Celebrities can have family problems, too. Alec Baldwin is stepping away from the acting world to talk about his already public family problems as a special guest at the Kickoff to the Family Law Institute and Legal Aid Foundation of Colorado fundraiser Aug. 11, 2011.
According to the event organizer, Baldwin has great respect for family law lawyers, but he is expected to advocate for systematic change after he struggled with his ex-wife Kim Basinger for custody over his daughter. Baldwin’s experience, as a father litigating family law issues, was documented in his book, “A Promise to Ourselves: A Journey Through Fatherhood and Divorce.”

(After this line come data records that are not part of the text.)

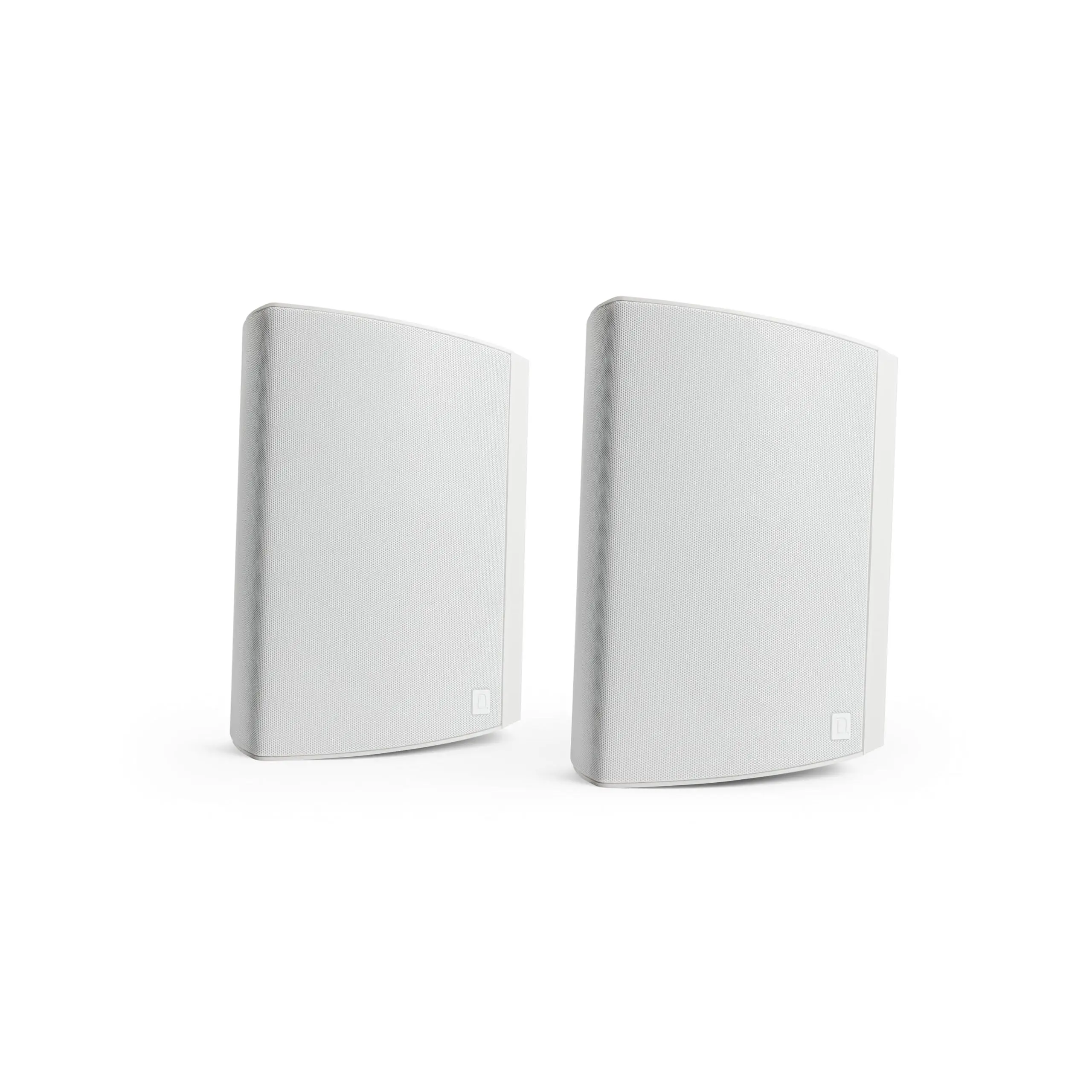 Definitive Technology Dymension AW-650 Outdoor Stereo Audio Speakers (White Pair) - 6.5" Woofer, 1" Tweeter, 5"x10" Bass Radiator, IP66 All-Weather Wall Mount Speakers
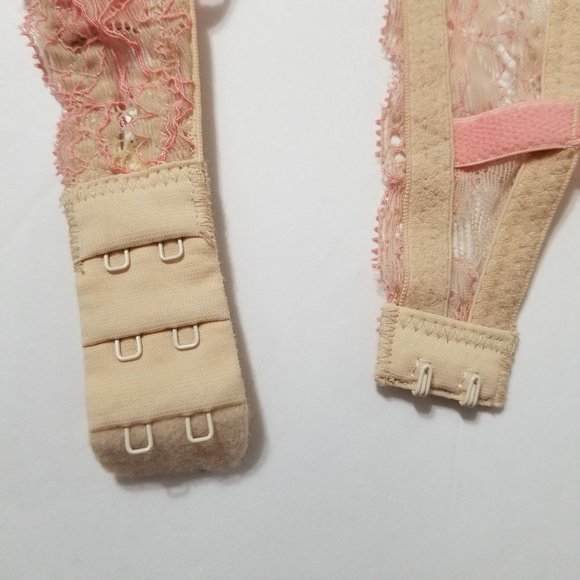 Xhilaration bra 34A Lace Push-Up floral bow unlined wings 2013 - Picture 13 of 14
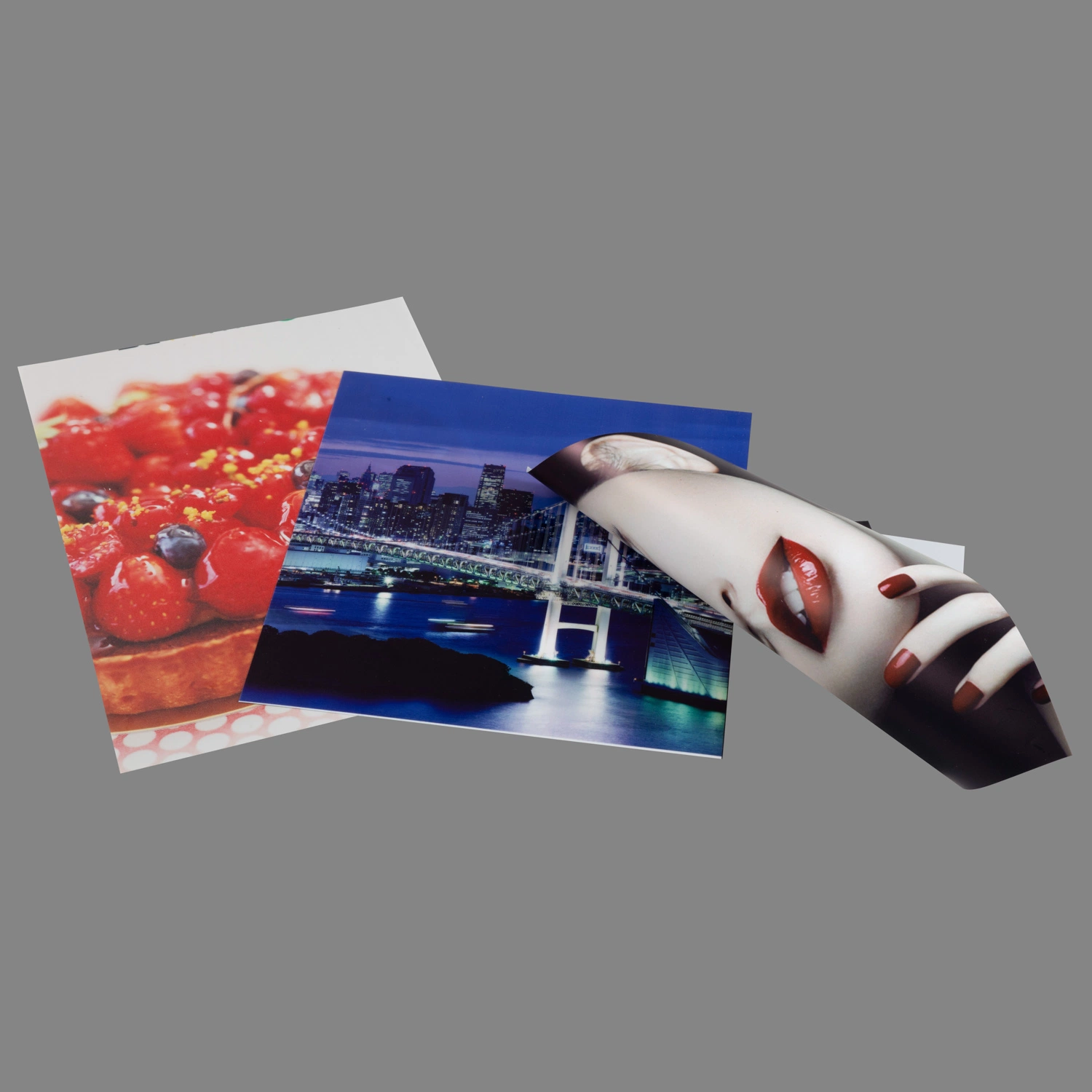 Graue Rückseite PP-Papierfolie 280mic Eco Lösungsmittel / UV Drucken für Inkjet-Anzeigemedien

Baldwin’s previous book tour ended in 2008 and this will be Baldwin’s first address to a bar association. The event organizer is well-aware that the star’s presence at a legal function may raise some eyebrows. Baldwin, however, reportedly hopes to challenge family law lawyers to change the system for the better, in line with the Institute’s theme of “Say You Want a Revolution.”

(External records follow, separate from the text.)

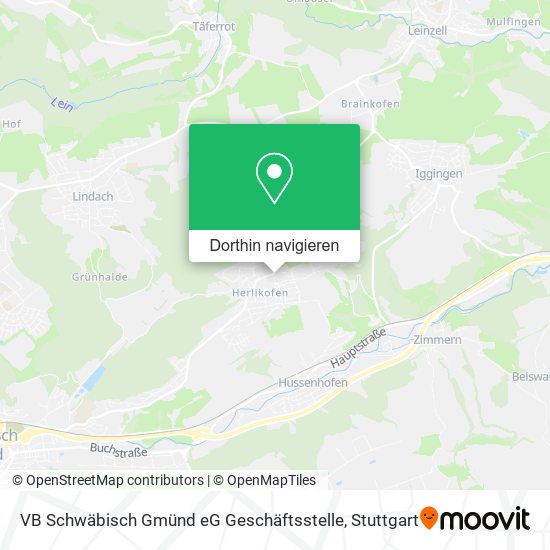 VB Schwäbisch Gmünd eG Geschäftsstelle Karte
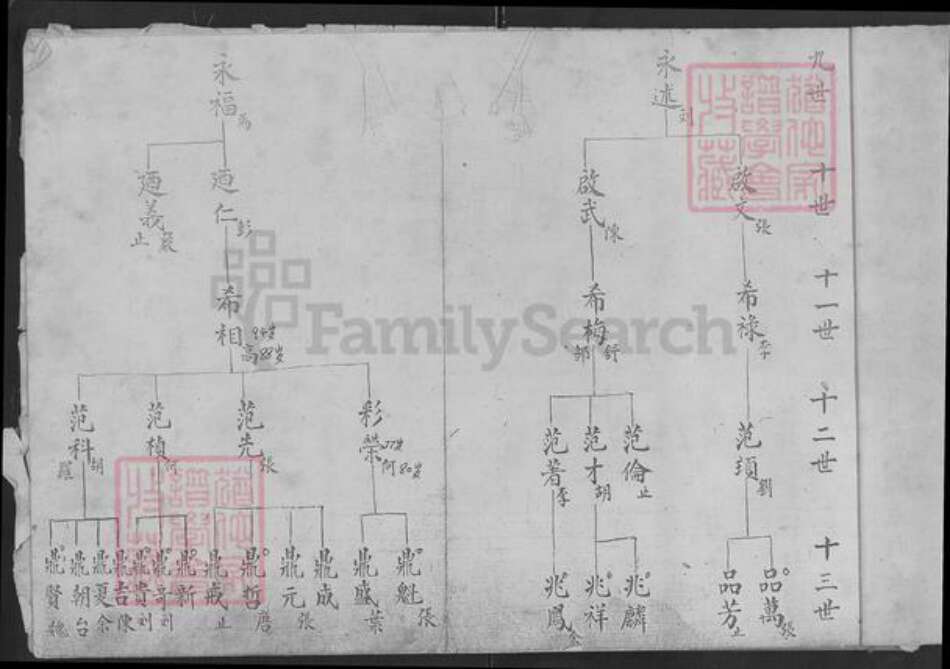 湖北省武汉市新洲区范氏族谱-范氏二十代家谱记.pdf电子版预览图4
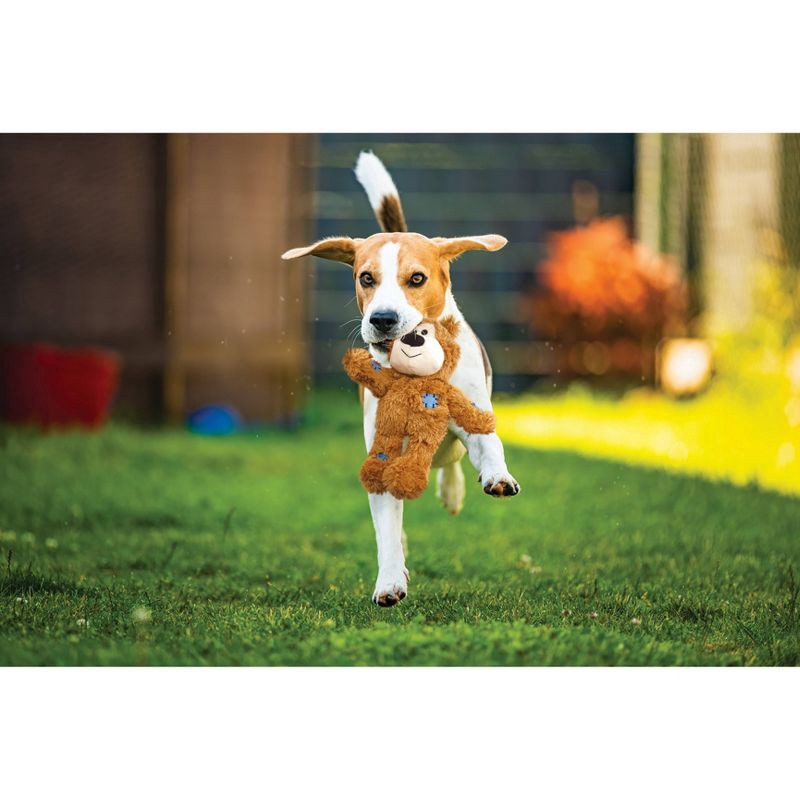 slide 3 of 3, KONG Wild Knots Bear Dog Toy - Light Brown - M/L, 1 ct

In his book, Baldwin writes that he felt his concerns as a father were not addressed during his very public custody battle. He has said that family law court is cold and that “No one can hear your cries and complaints, and it is not over until they say it is over.” According to Baldwin’s previous statements, this frustration mounted until he finally snapped and left a nasty voicemail for his then 11-year-old daughter, which later came under fire by the media.
Despite Baldwin’s at times negative outlook on the family law system, he has been eager to work with the Family Law Section of the Colorado Bar Association. Baldwin personally called the event organizer while he was on the set of his television show to ensure he was able to attend the Institute.
Baldwin’s involvement was a conscious attempt by the event organizer to lend a celebrity voice to the typical, nitty-gritty aspects of family law litigation, such as personal attacks on the opposing party. Baldwin’s message is expected to be more than just a complaint about the family law system, but to also give personal suggestions and commentary on where it can improve.